How Fyrefuse Uses Gitlab?

In Fyrefuse, GitLab versioning plays a key role in integrating custom UDFs (User-Defined Functions) and Spark jobs into the pipeline designer. This enables users to extend the capabilities of their pipelines by incorporating advanced transformations where traditional SQL syntax falls short. By leveraging custom Python-based logic, users can seamlessly integrate more complex data processing tasks, enhancing the flexibility and power of their data pipelines.

With GitLab in Fyrefuse, you get:

  • Streamlined DevOps Integration – Automate the deployment and orchestration of data pipeline jobs alongside your CI/CD processes.
  • Version Control for UDFs & Custom Code – Utilize GitLab’s version control features to track and manage changes to UDFs and custom scripts that are imported as jobs in data pipelines.

Quick Start

To begin integrating GitLab with Fyrefuse, you'll need to connect your GitLab account. Follow these steps to set up the integration:

  1. Generate a GitLab Personal Access Token - Head to your GitLab account settings and create a personal access token with the necessary permissions (e.g., api, read_user, write_repository).
  2. Connect GitLab to Fyrefuse - In the Fyrefuse dashboard, navigate to the Job stores menù.

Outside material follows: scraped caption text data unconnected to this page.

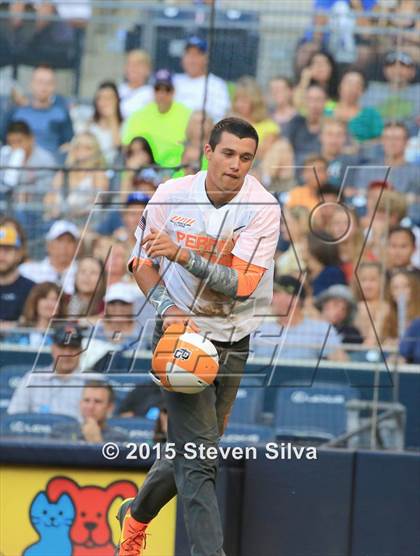Thumbnail 3 in Perfect Game All-American Classic (East vs. West) photogallery.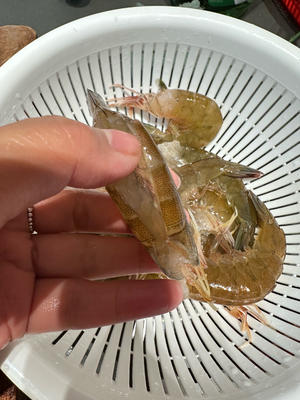 避风塘大虾🍤的做法 步骤3
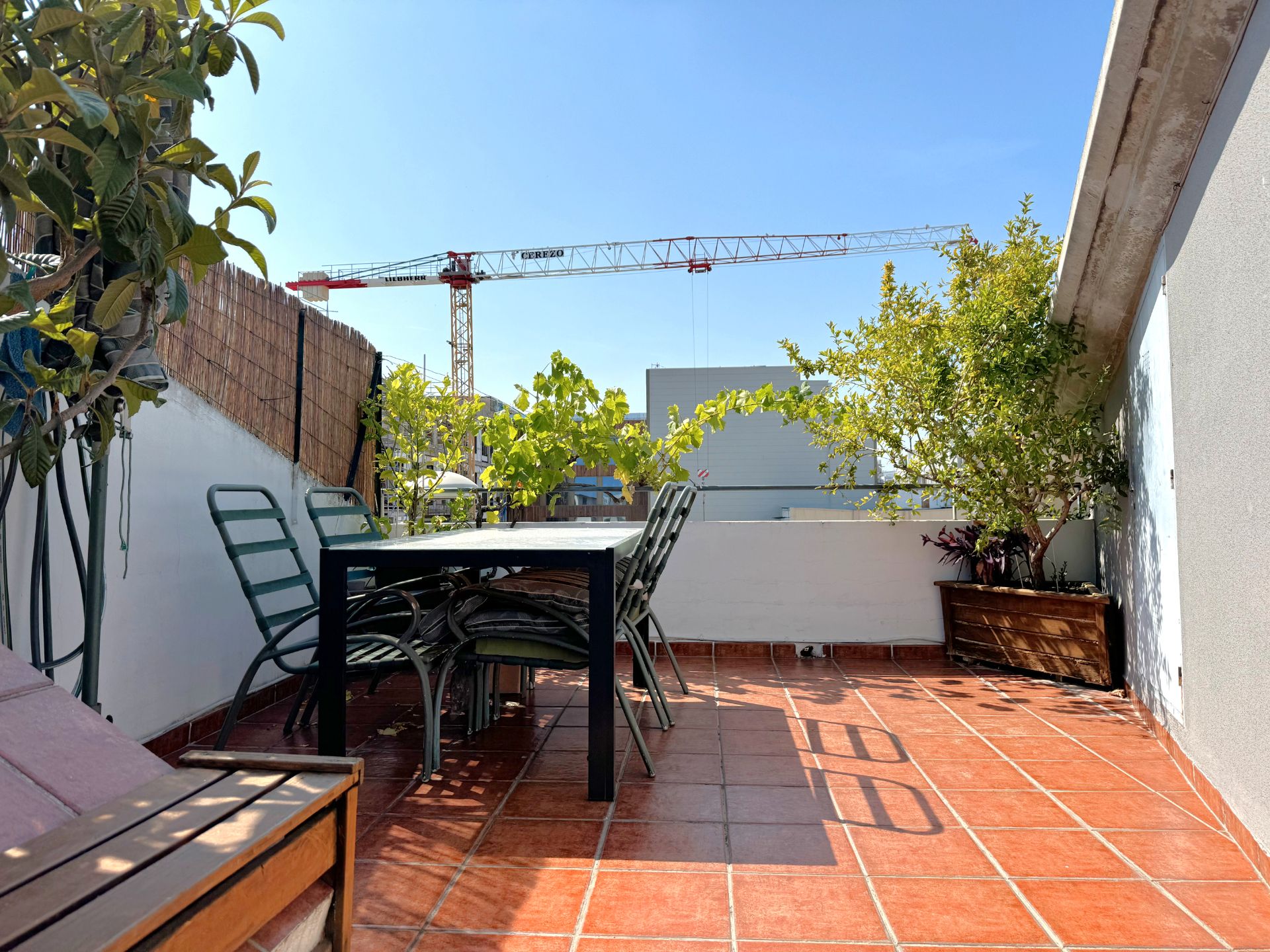 Terrace of Attic for sale in  Barcelona Capital  with Air Conditioner, Heating and Terrace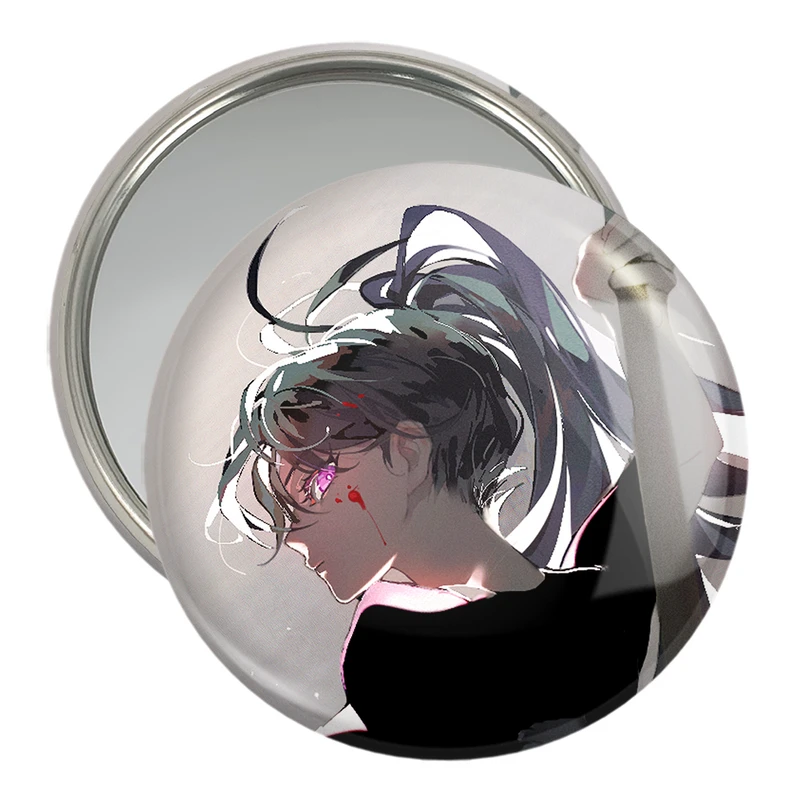 آینه جیبی خندالو مدل هیزورو انیمه سامرتایم رندرینگ کد 24223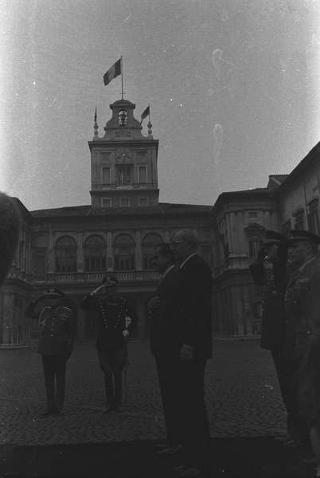 Visita di Stato del Presidente degli Stati Uniti d'America, Richard Nixon (27-28 febbraio 1969)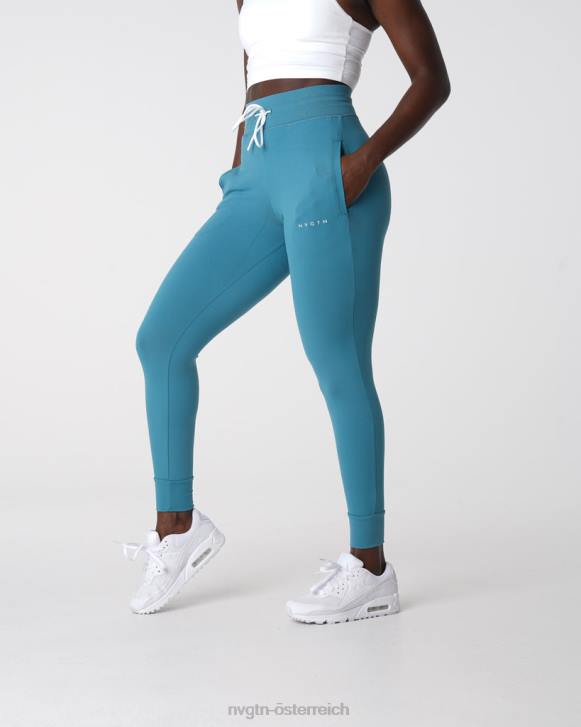 Fitness Frauen NVGTN 6J66702 Stahlblau Jogger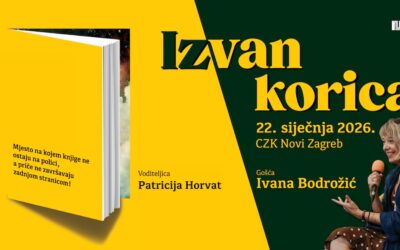 IZVAN KORICA – ciklus književnih susreta u Novom Zagrebu.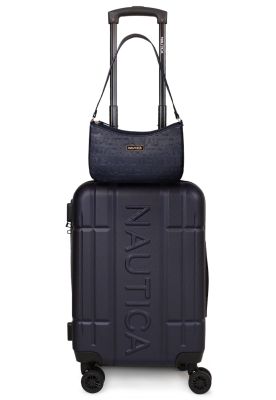 Pack Nautica Maleta cabina Amsterdam 10kg + Cartera Delray azul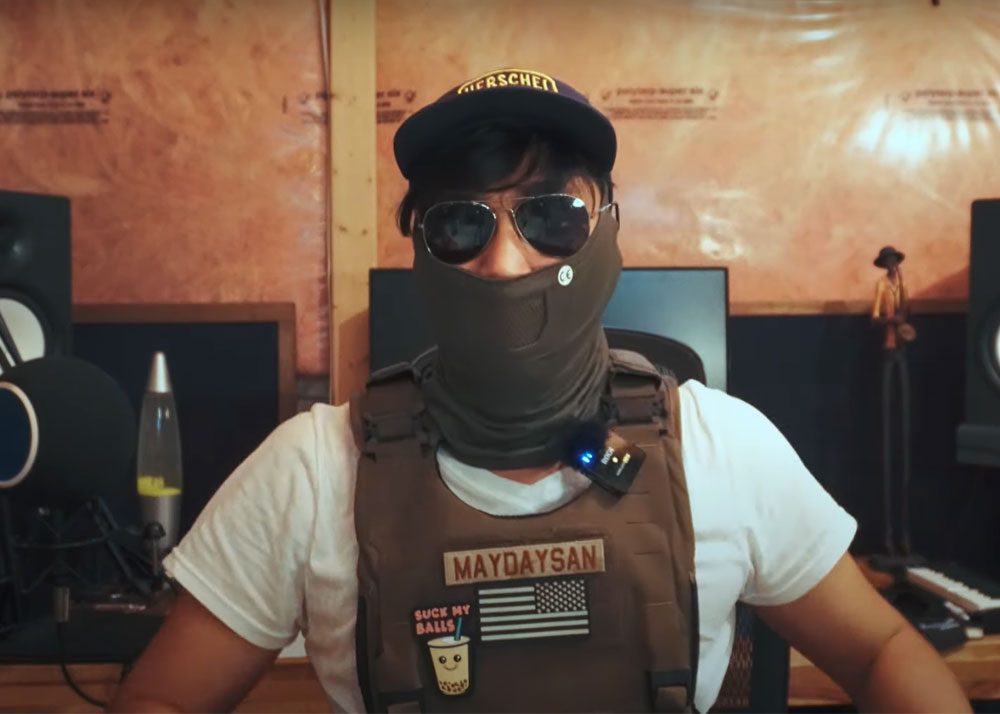 Maydaysan Airsoft Cygnus Armory Warrior Mask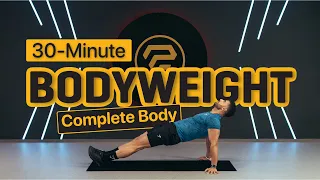 Full Body Workout: No Equipment Needed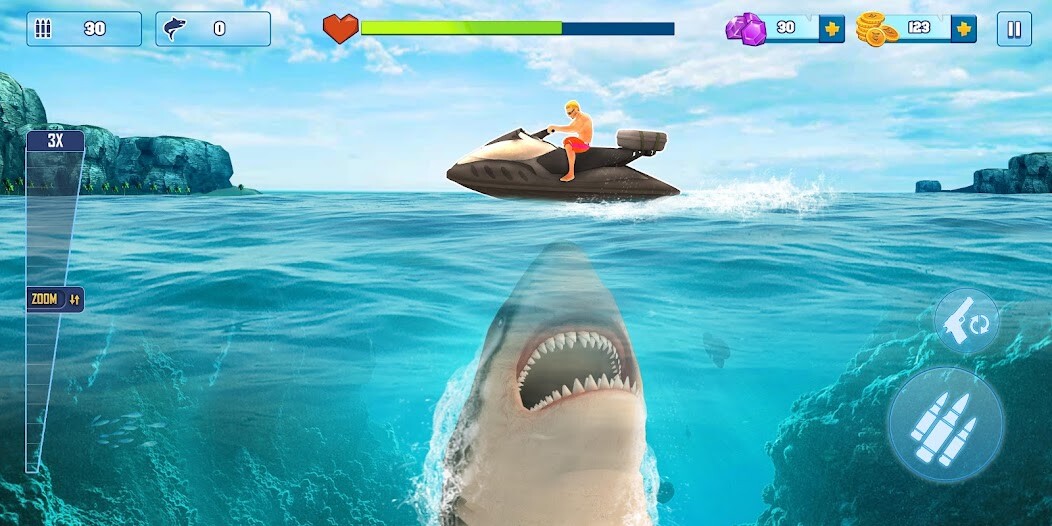 Run android online APK Shark Hunter: 3D Offline Games from MyAndroid or emulate Shark Hunter: 3D Offline Games using MyAndroid Run android online APK Shark Hunter: 3D Offline Games from MyAndroid or emulate Shark Hunter: 3D Offline Games using MyAndroid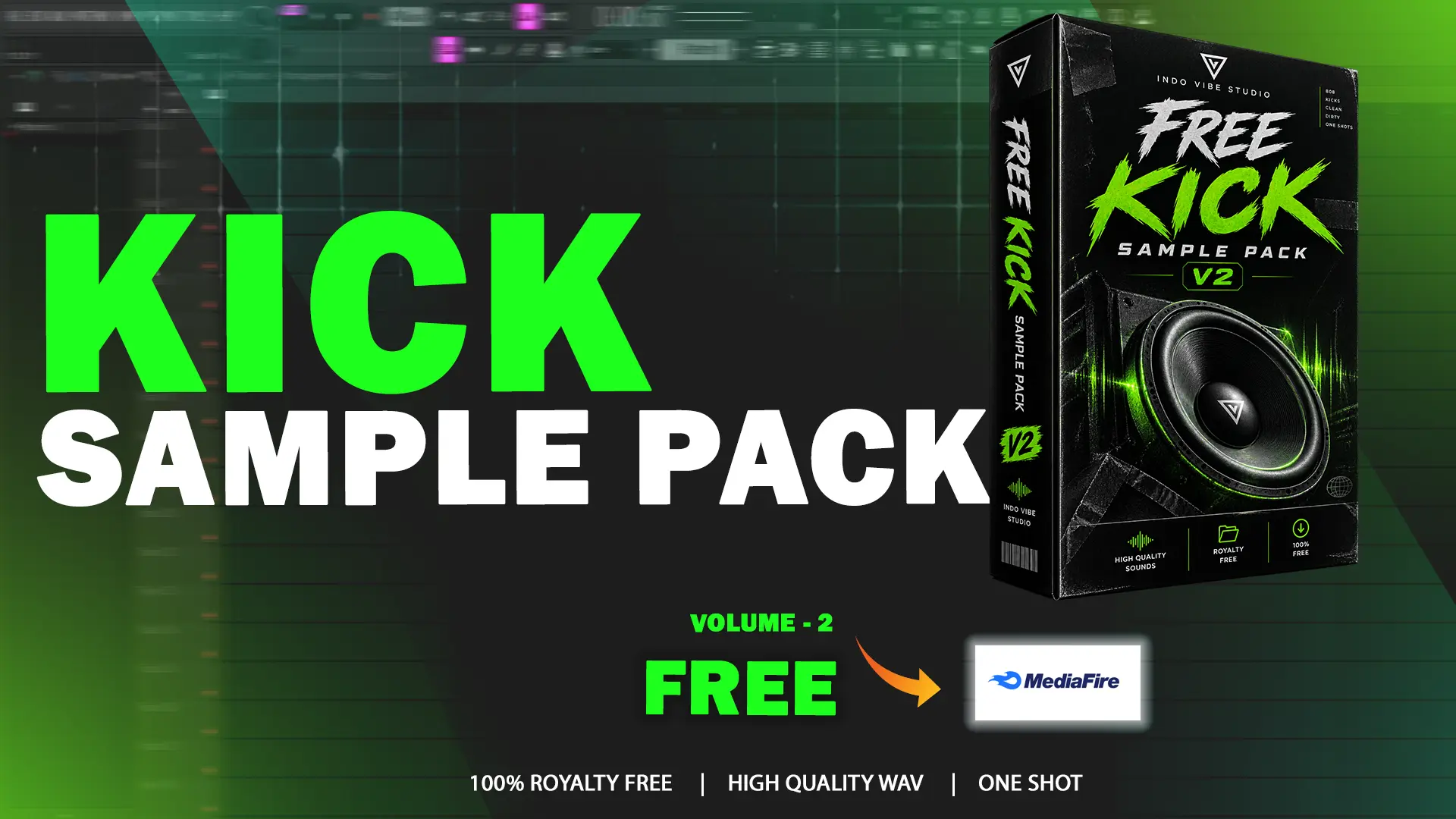 Free Kick Sample Pack V2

Paste your generated GitLab personal access token and authenticate the connection
  3. Select Your Repository - Once connected, choose the GitLab repository where your custom UDFs, Spark jobs, or other relevant code are stored. This allows Fyrefuse to track and deploy these resources as part of your pipeline configuration.
  4. Start Using GitLab Resources - After the connection is set up, you can seamlessly incorporate GitLab-managed custom code into your pipelines.